Since Citizens United declared corporations people, Equifax should receive the death penalty.

However I would settle for lining up their officers against a wall before a firing squad.

 

[Onigato]

Cute, isn't it.

I'm at the point where there needs to be ongoing evaluations of companies for the "too big to fail" threshold. If they breach it, break them up, no ifs, and or buts. Shareholders lose nothing. Growth happens faster with smaller companies, and with less collateral damage.

The cocksuckers who run these conglomerates capturing our regulatory and political process, and remaining above the law, would probably think you are sooo cuuute <pinches cheek> unironically. They think they are doing good work.

To be fair, it's their job.

The ones fucking it up are the boards of directors not holding these CEOs accountable for responsible behavior.

Personally, I'd prefer it if all of the C-level folks were held personally responsible for the bad things that happen to their companies. If it could have been prevented, and wasn't because "profits", then make the decision-makers personally responsible for the penalty. If they did their due diligence, but still got nailed (hey, that can happen), then let the company take the hit.

Considering the apparent greed of these folks, this would amount to enlightened self interest. The carrot is that they get to keep their things if they follow the best practices rules (which shouldn't be made up by the corporation, but by experts who are motivated to make the best decisions in what they are), and an enormous stick that takes away everything in their lives that money bought them, and leaves them with little more than an old suit from Goodwill and enough bus fare to get to the gates of hell.

That's the kind of profit/loss benefit calculus that shouldn't be too hard to figure out.

It is worth noting the CEO has turned over at least twice since Smith left (with his $90 million retirement package), following the breach. I"m all for accountability and would prefer not to see steps taken to "save" bad acting companies like this, but indiscriminate calls for random heads on spikes are misplaced.

Respectfully disagree. Investigate everyone at the C- and P/VP-level, REGARDLESS of title. If they didn't have anything to do with the past events, they walk away, free and clear. If they DID, some time in Club Fed would do nicely. And criminal investigations don't care if they aren't NOW associated with the company at fault, so long as the statute of limitations hasn't kicked in, you're on the hook, and this whole mess happened recently enough that statute of limitations isn't a concern. Investigate them ALL, anyone who truly didn't have anything to do with this fiasco will find another job, anyone who did gets to face down 144 million different charges of criminal negligence, and Equifax becomes no more.

 

[Git-stompa]

Isn’t it possible that with the information collected someone could fraudulently acquire more than 575 million by significant magnitudes?

I feel like there isn’t justice here not just for the people who could be disrupted by identity theft but for society as a whole - considering how much we may spend in tax revenue on combating or prosecuting would be identity thieves until the impacted peoples die.

 

[Tribune_of_the_Plebs]

Equifax can die in a fire. Whenever I need to apply for credit for something like a car or a house, if the lender uses Equifax and gives me no other bureau options for checking my credit, I will take my business elsewhere. They failed at, one could argue, their most important job. This should have been an extinction level event for this company.
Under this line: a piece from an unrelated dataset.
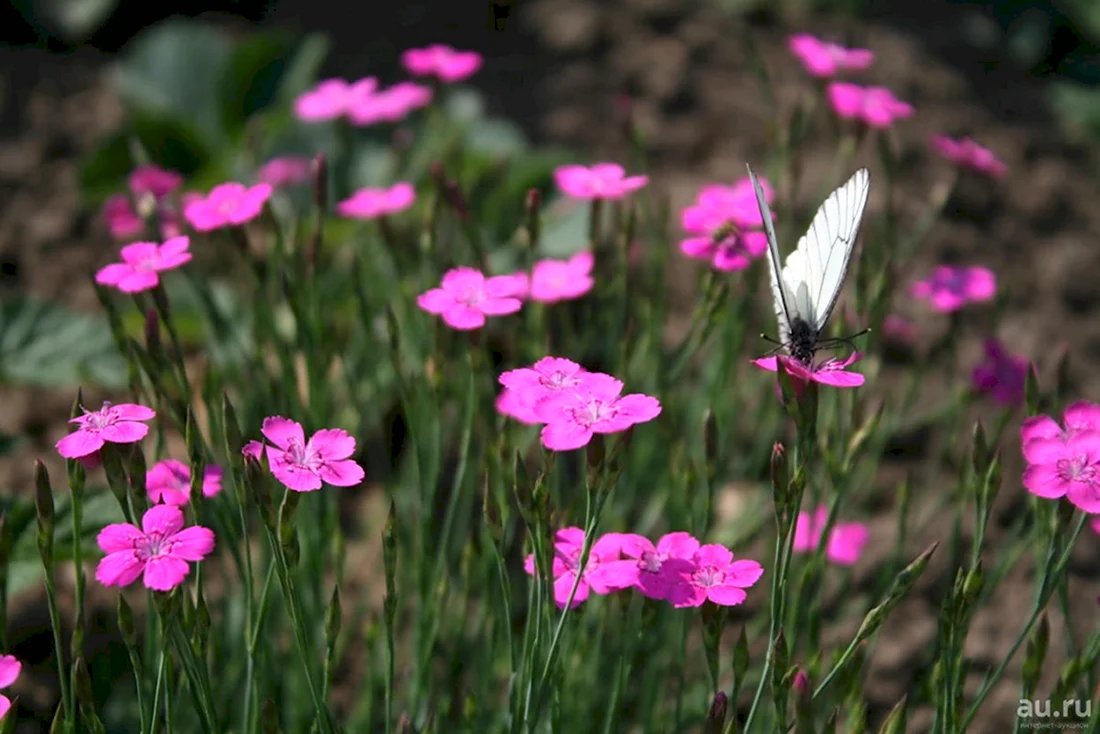 Гвоздика травянка Dianthus deltoides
We froze our Equifax files in October 2017 and told all our correspondent accounts to use TransUnion or Experian instead. (We were prepared for them to go pound sand instead. But under the circumstances, everyone was happy to agree that this was a prudent and reasonable request).

At the time, we took a small degree of satisfaction in knowing that, isolated and atomized involuntary 'consumers' though we are, we'd done our miniscule part to limit Equifax's future negligence .. and their profits.

Today, we're even happier to have saved the receipts from the freeze.

 

[Matthew J.]

I would say ... maybe you should put them out of business.